Posting an underlying pre-tax profit of £57.7m for the year to March, the banknote printer said that it has made “good progress” on its improvement plan, which Cobbold put in place when he took over the firm at the start of last year.
But overall, the firm made less money than during the previous year because it spent £24m on that plan. Cobbold would not confirm reports that De La Rue has begun preparing to print a new Greek drachma, though he said producing a new currency would need to be done ahead of time because it takes months.
Industry specialist Nick Mockett of Moorgate Capital said: “If there were to be a new drachma, De la Rue would be well placed to produce it, but it does not have a monopoly in this market by any means.”
In addition to banknotes, De La Rue’s products also include IDs, cheques and stamps. Revenues from identity products, such as British passports, contributed £12m to a 14 per cent rise in revenues last year, which topped £528m.

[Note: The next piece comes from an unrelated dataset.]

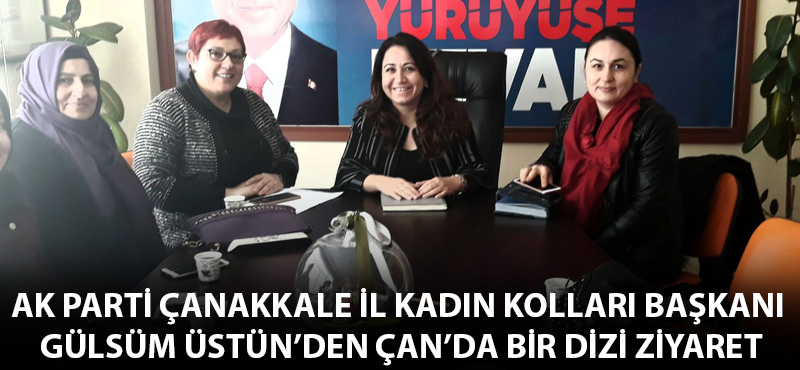 AK Parti Çanakkale İl Kadın Kolları Başkanı Gülsüm Üstün'den Çan'da bir dizi ziyaret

Cobbold says the firm is “on track” to reach its 2013-14 target for operating profit of £100m – versus £63m in the last year.
The firm’s share price is now also far above the 905p price at which a French rival Oberthur tried to snap it up early last year after it had a run of printing problems that saw it lose a major client, the Reserve Bank of India. Since then, De La Rue has won new clients such as South Sudan, after the region voted for independence.